Hunting — in the spring?
For nearly every other species, hunting seasons start in a month that ends with an “R.” Not the turkey. The traditional turkey hunting season happens during the breeding season. In Ohio, that means April and May. While it doesn’t coincide with Thanksgiving, it is the biggest game in town this time of year. Literally, they’re big birds standing up to four feet tall. The weather is warming and people are ready to get outside. The calling style of hunting amps up the excitement. Only male turkeys that have a visible “beard”— a strange group of feathers that grows in the middle of their chest throughout their life — are legal game in the spring
Seasonal transition
Through most of the year, wild turkeys stay in groups divided by sex and age. Hens stay with hens. Juvenile males, called jakes, associate with their peers. Adult males, toms or gobblers, hang with their kind. That changes in the spring. Tom turkeys separate and establish individual ranges. They gobble, strut, fan their extensive tail feathers, and fight other males in displays of dominance. Their goal is to attract and retain an exclusive harem of hens.
Adding ip the challenges
The result for hunters is a big set of challenges, reflected in the success rates. Like mentioned previously, springtime hunting is done by calling turkeys to the hunter, typically by mimicking the sounds of a hen. There’s the rub. The hens are supposed to go to the gobbler.
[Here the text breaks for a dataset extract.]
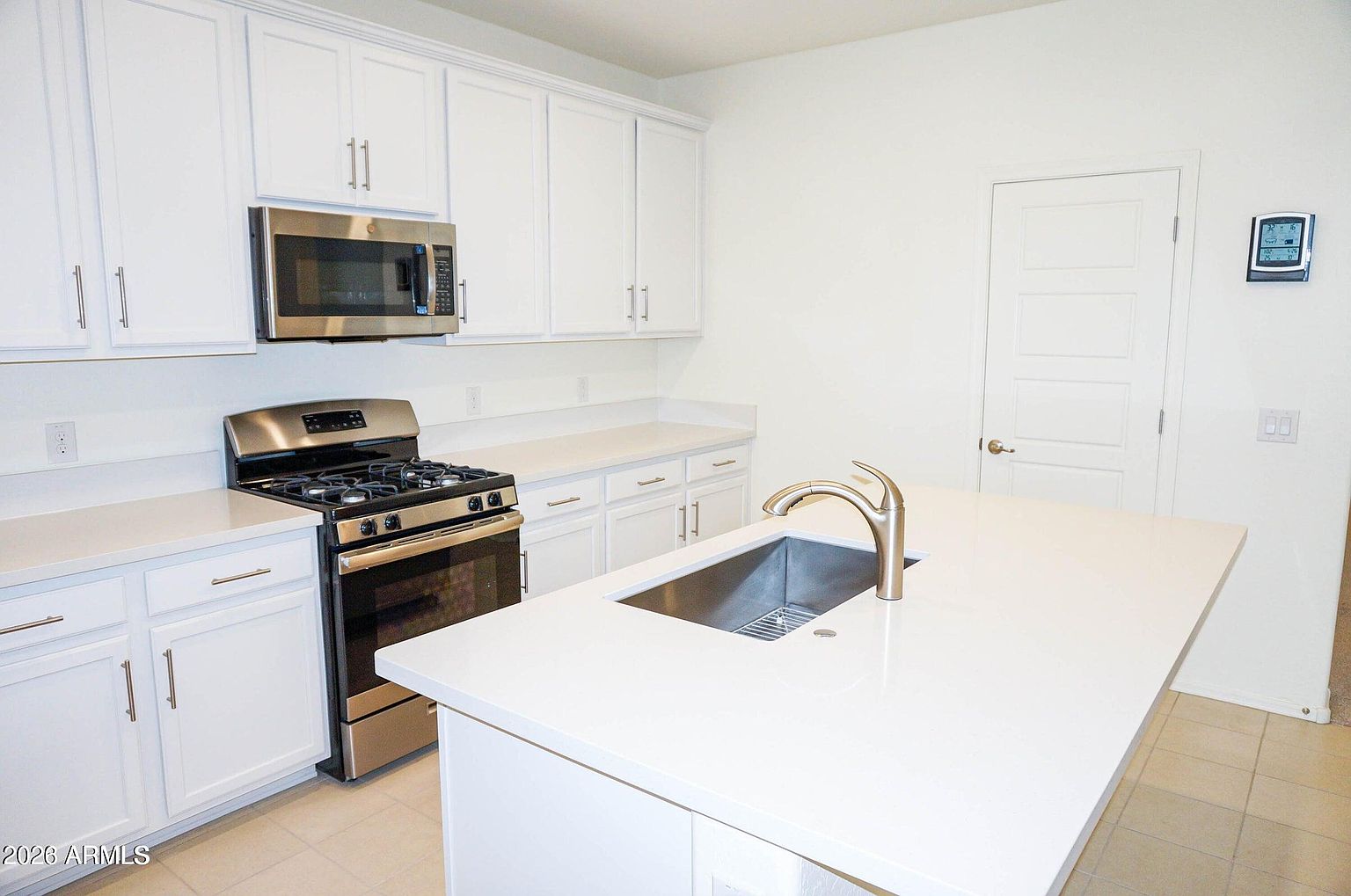 104 E Moonlight Trl photo 4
The legal equipment for harvesting is limited to shotguns, longbows, or crossbows.
So, to recap, hunters have to not only convince a gobbler to leave his harem, something he’s not want to do, but to come into effective shotgun or archery range of around 35 yards. They have to remain virtually motionless to avoid detection by some of the most powerful eyes in nature while those same eyes are searching for the source of the sound to add to his harem. Other than calling, they must remain silent and undetected by other turkeys in the area, lest they sound the alarm. Lastly, they have to position themselves for a shot without being detected.
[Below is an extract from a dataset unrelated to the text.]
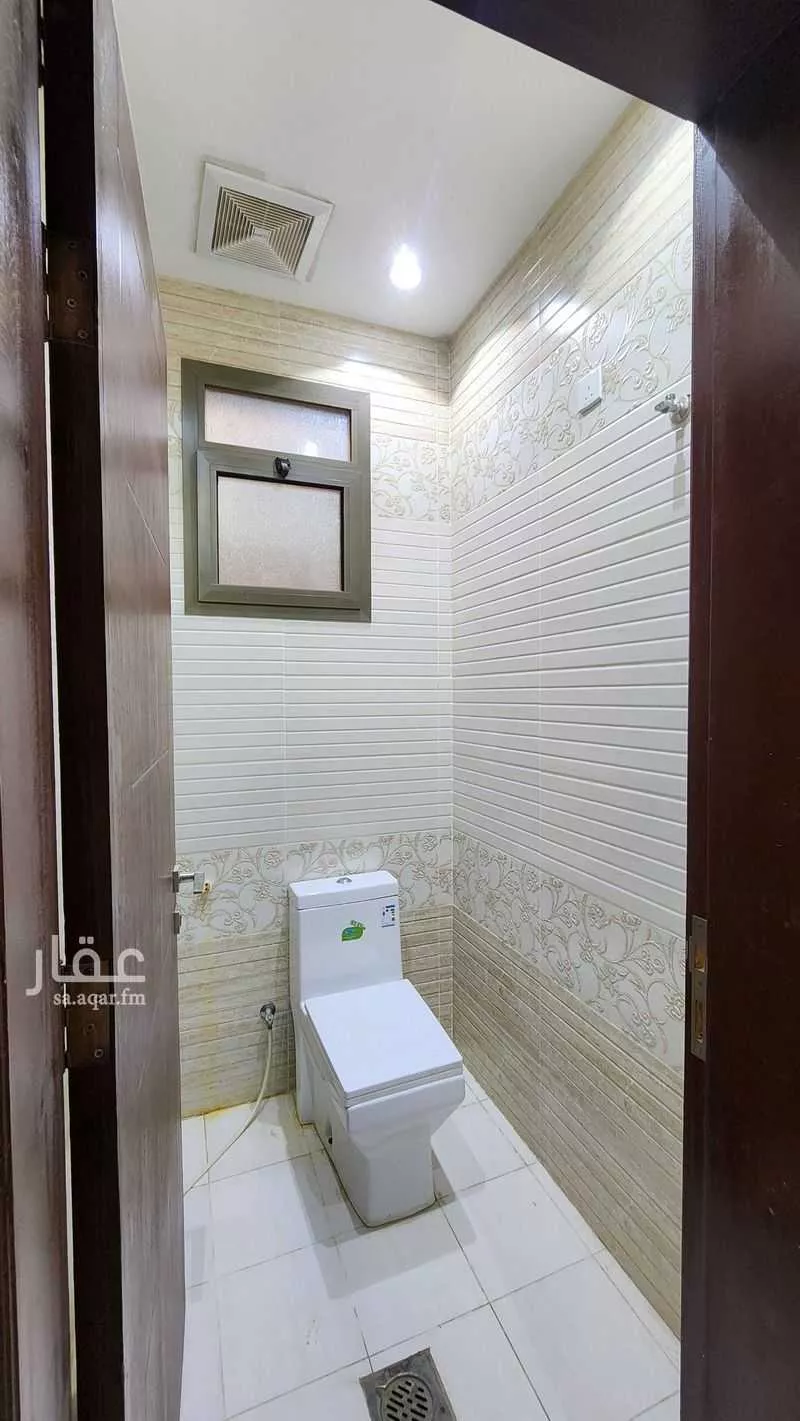 6 bedroom villa in Al Yaqout 2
All in all, that’s a long list of things that have to go right and that could go wrong, and we haven’t begun to scratch the surface. Turkeys that won’t cross a creek. Fences. Other gobblers. Another hen. The list goes on. Those hurdles, combined with the unique Dr. Dolittle experience of one-to-one interaction between a human and gobbler hook folks like Mr. Bales and keep them coming back for more. But for a couple of timely decisions, it might have been something that few would have ever been able to experience.
Nearly lost
Change was the word at the turn of the last century. In 1903, as the Wright Brothers were taking to the skies, populations of some birds were decidedly not. The last wild passenger pigeon was shot in 1900 in Southern Ohio. Heath hen numbers hung by a thread in the low hundreds on the east coast. And in 1904, through lost habitat and over-harvest, wild turkeys were eliminated from Ohio.
Fortunately, turkey habitat came back, better regulations were established, and reintroduction by the Ohio Division of Wildlife began in the 1950s. By 1966, a limited season was allowed in nine counties. In 1999, wild turkeys were found in all 88 counties, and the spring season was open statewide in 2000. It has been open across the state since.
Get ready now
The 2025 Turkey season in southwest Ohio kicks off with a weekend youth season on April 12 and 13th, followed by the general season opening April 19th and running through May 18.
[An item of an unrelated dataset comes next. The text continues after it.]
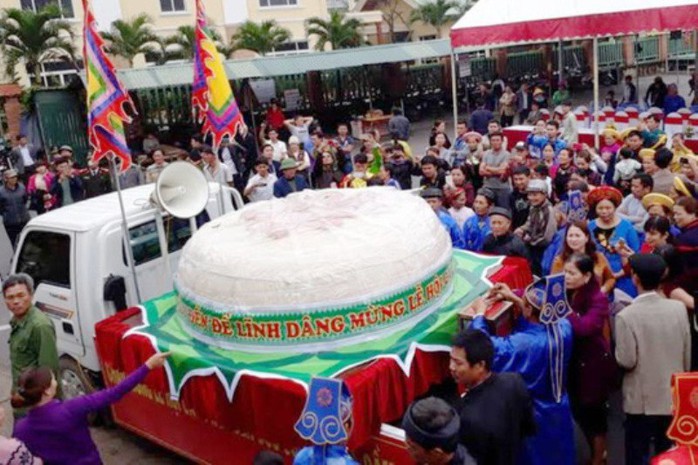 Sầm Sơn xin dâng bánh giầy 3 tấn dịp giỗ tổ Hùng Vương - Ảnh 1.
The limit is one bearded gobbler per year. Hunters that require a hunting license will also need to purchase a turkey tag, and all successful hunters must check in their harvest. Getting started can seem overwhelming — there are a lot of details and things to learn. Safety first needs to be a real thing in the spring woods. The Ohio Department of Resources has specific resources to get you started. Some are listed below.
If I was starting now, I’d learn the basics of turkey hen language and gobbler response. I’d scout a location, looking and listening for turkeys, and I’d get there early. Then I’d do my level best to appear to everything in the forest (except other hunters) like a pile of leaves.